Can they? Both QFT and GR are based on real numbers, and the Standard Model has twenty-odd free parameters which are real numbers and hence in principle can require infinitely many bits to be fully specified. (Or do you mean something else by “the currently proposed laws”?)
That's a very good point.
It is where S.I. strays from how we applied Occam's razor.
If you lack knowledge of any discrete behaviour, it seems reasonable to assume that function is continuous, as a more likely hypothesis than it is made of steps of some specific size. The S.I. would produce models that contain specific step size, with highest probability for the shortest representable step size.
edit: how the hell is that 'wrong'?
As long as our best model of the laws of physics includes the concept of Planck time (Planck length), doesn't that mean that time (space) is discrete and that any interval of time (length of space) can be viewed as an integer number of Planck times (Planck lengths)?
We don't have anything remotely like a well-established theory of quantum gravity yet, so we don't know. Anyway, lack of observable frequency dispersion in photons from GRBs suggests space-time is not discrete at the Planck scale.[http://www.nature.com/nature/journal/v462/n7271/edsumm/e091119-06.html]
Doesn't quite work like this so far, maybe there will be some good discrete model but so far the Plank length is not a straightforward discrete unit, not like cell in game of life. More interesting still is why reals have been so useful (and not just reals, but also complex numbers, vectors, tensors, etc. which you can build out of reals but which are algebraic objects in their own right).

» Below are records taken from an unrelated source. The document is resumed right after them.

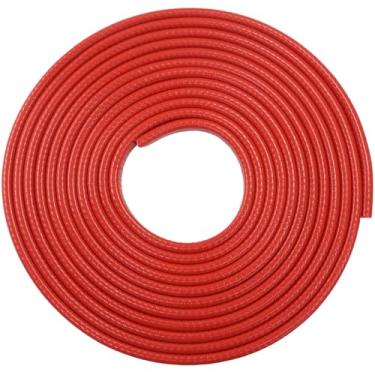 Imagem de verkelly Protetores universais de borda de porta de carro de 5 m - protetor de acabamento em forma de U de borracha vermelha, sem necessidade de cola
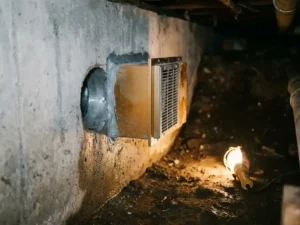Mechanisch ventilatiesysteem gemonteerd in diamantgeboord gat door betonnen kruipruimtemuur, vochtige aarden vloer op achtergrond.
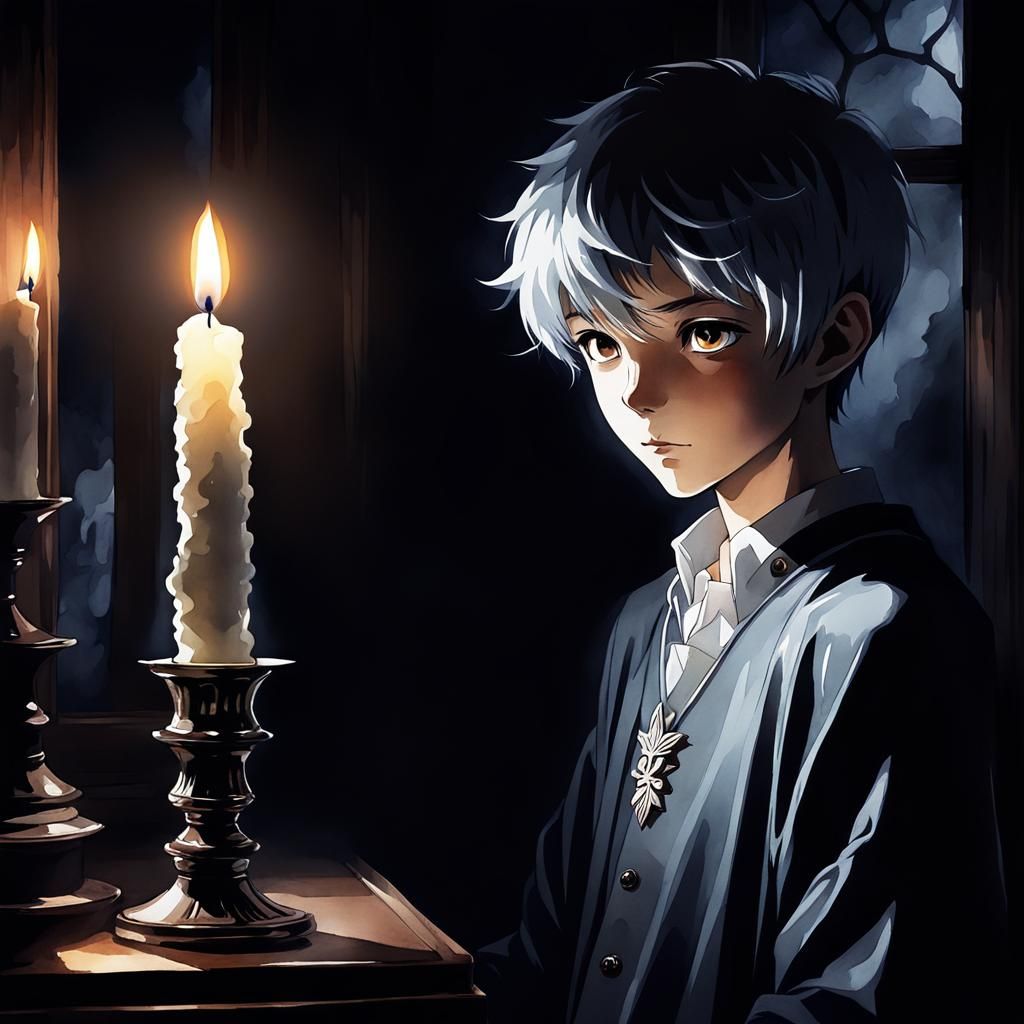 Ghost Boy in Candlelight: Anime Watercolor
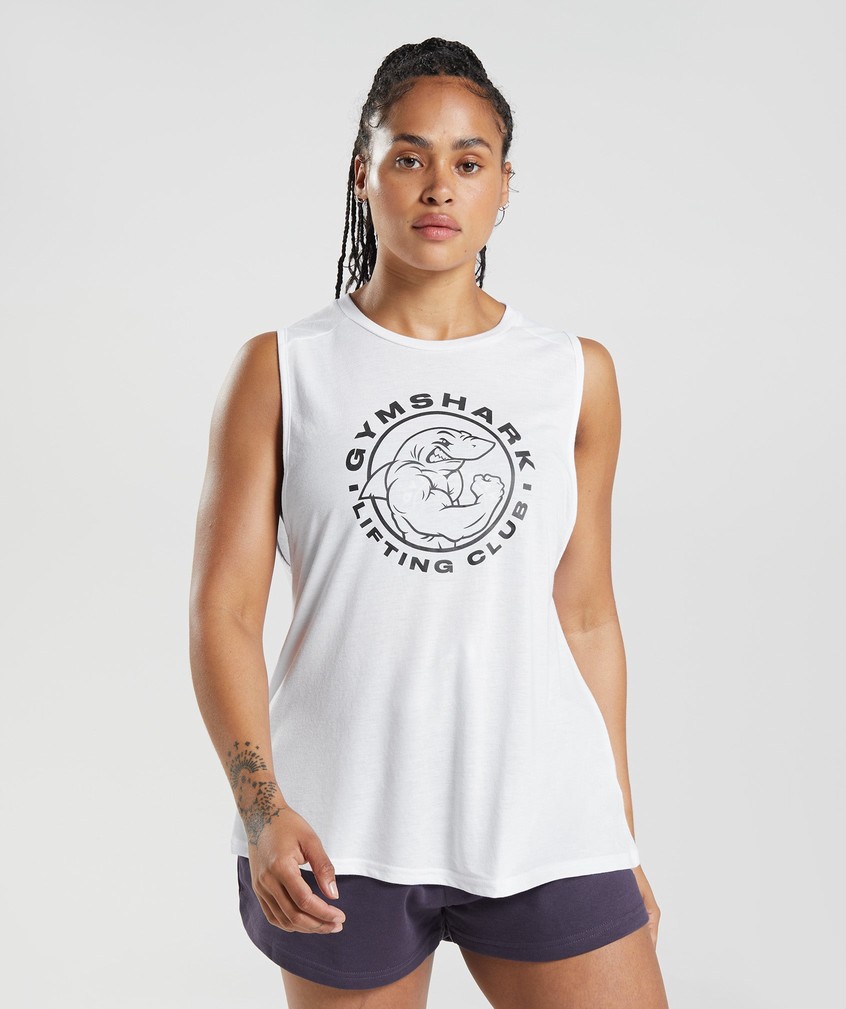 White Women's Gymshark Legacy Tank | USA-69430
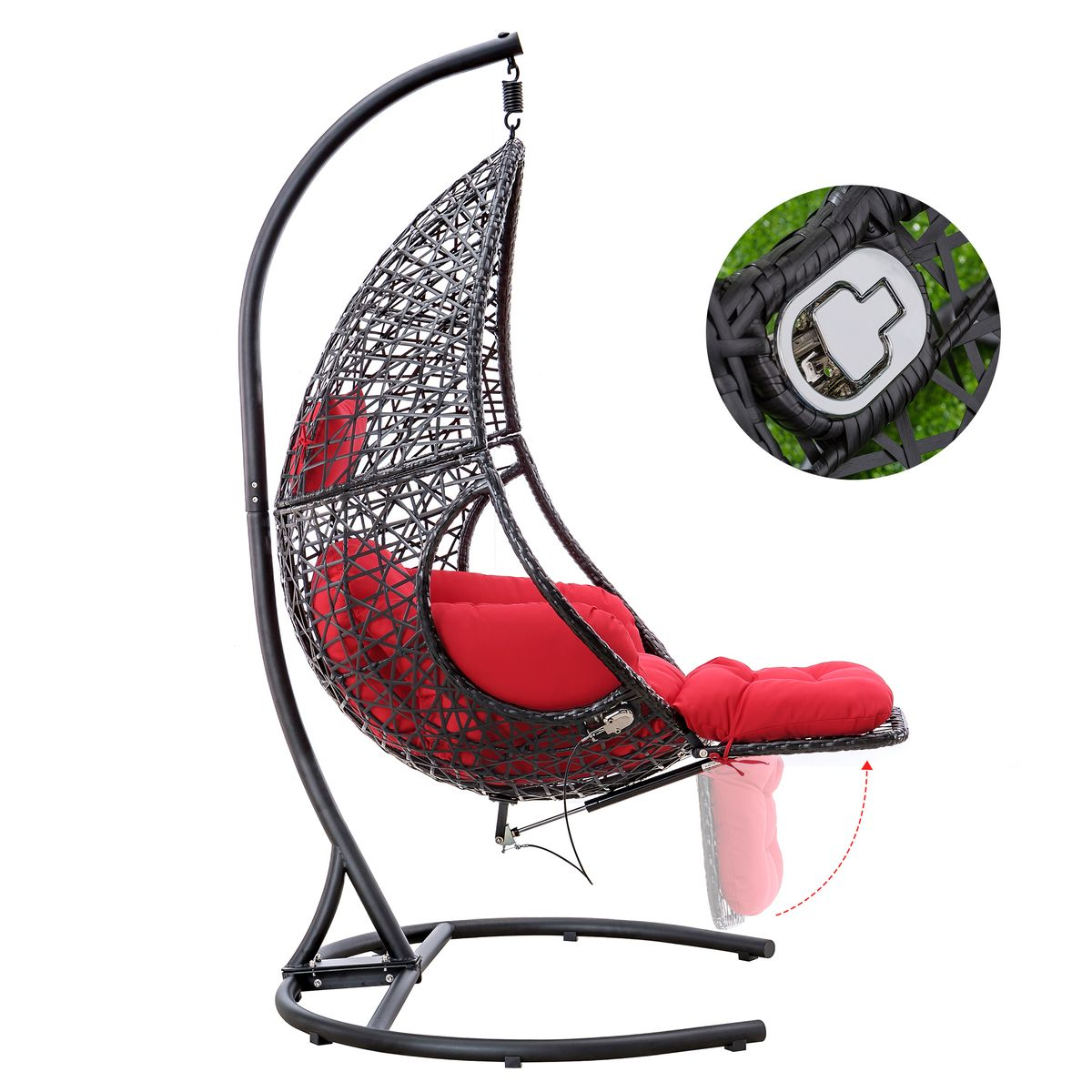 Outdoor Hanging Swing Egg Chair With foot pad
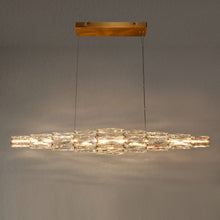 Cryptography 1-Light Modern Gold Linear LED Kitchen Island Light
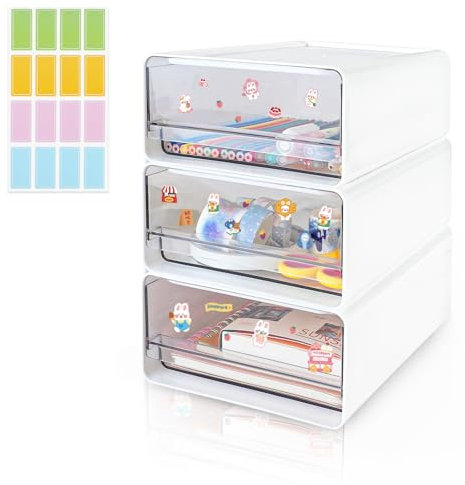 4 pezzi impilabili Scrivania Organize con 4 cassetti, cassettiera bianca trasparente con etichette, organizer da ufficio, scatola in plastica per trucco, casa, tavolo da toeletta (3 pezzi, bianco)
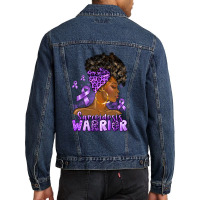 Afro Woman Sarcoidosis Cancer Warrior Men Denim Jacket | Artistshot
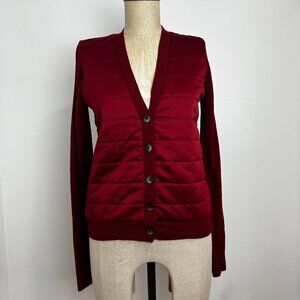 Joe Fresh Merino Wool Cardigan Quilted Puffer Front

't Hooft has been quite successful in defining QM in terms of discrete cellular automata, taking "successful" to mean that he has reproduced an impressive amount of quantum theory from such a humble foundation.
This is answered quite trivially by simple analogy: second-order logics are more expressive than first-order logics, allowing us to express propositions more succinctly. And so reals and larger numeric abstractions allow some shortcuts that we wouldn't be able to get away with when modelling with less powerful abstractions.
This is also true of modern computers. This time is merely ignored with various hardware tricks to make sure things happen around the time we want them to happen. What it eventually comes down to is the order in which the inputs arrive at each neuron, regardless of how long it took to get there, and the order in which they come out, regardless of how long they take once sent, which in turn decides the order in which other neurons will get their inputs, and so forth.
You could very easily simulate any brain on an infinitely fast UTM by simply having the algorithm take that into account. (Hell, an infinitely fast UTM could simulate everything about the brain, including external stimuli and quantum effects, so it could be made infinitely accurate to the point of being the brain itself)